Re: [RFC PATCH] mm, hotplug: get rid of auto_online_blocks

From: Igor Mammedov
Date: Thu Mar 02 2017 - 08:54:38 EST


On Mon 27-02-17 16:43:04, Michal Hocko wrote:
> On Mon 27-02-17 12:25:10, Heiko Carstens wrote:
> > On Mon, Feb 27, 2017 at 11:02:09AM +0100, Vitaly Kuznetsov wrote:
> > > A couple of other thoughts:
> > > 1) Having all newly added memory online ASAP is probably what people
> > > want for all virtual machines.
> >
> > This is not true for s390. On s390 we have "standby" memory that a guest
> > sees and potentially may use if it sets it online. Every guest that sets
> > memory offline contributes to the hypervisor's standby memory pool, while
> > onlining standby memory takes memory away from the standby pool.
> >
> > The use-case is that a system administrator in advance knows the maximum
> > size a guest will ever have and also defines how much memory should be used
> > at boot time.
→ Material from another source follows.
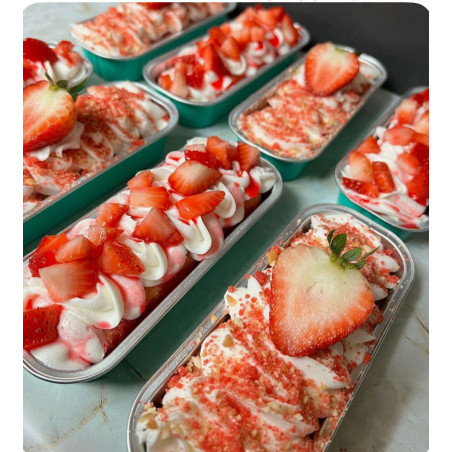 Tres leches con fresas 🍓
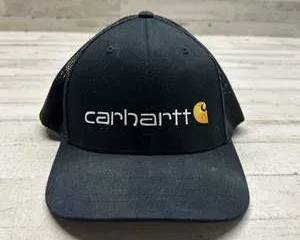 Carhartt Black Mesh Trucker Hat β Adjustable Snapback β Workwear Logo Cap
The difference is standby memory.
> >
> > Auto-onlining of standby memory is the last thing we want.
I don't know much about anything other than x86 so all comments
below are from that point of view,
archetectures that don't need auto online can keep current default

> > > Unfortunately, we have additional complexity with memory zones
> > > (ZONE_NORMAL, ZONE_MOVABLE) and in some cases manual intervention is
> > > required. Especially, when further unplug is expected.
> >
> > This also is a reason why auto-onlining doesn't seem be the best way.

When trying to support memory unplug on guest side in RHEL7,
experience shows otherwise. Simplistic udev rule which onlines
added block doesn't work in case one wants to online it as movable.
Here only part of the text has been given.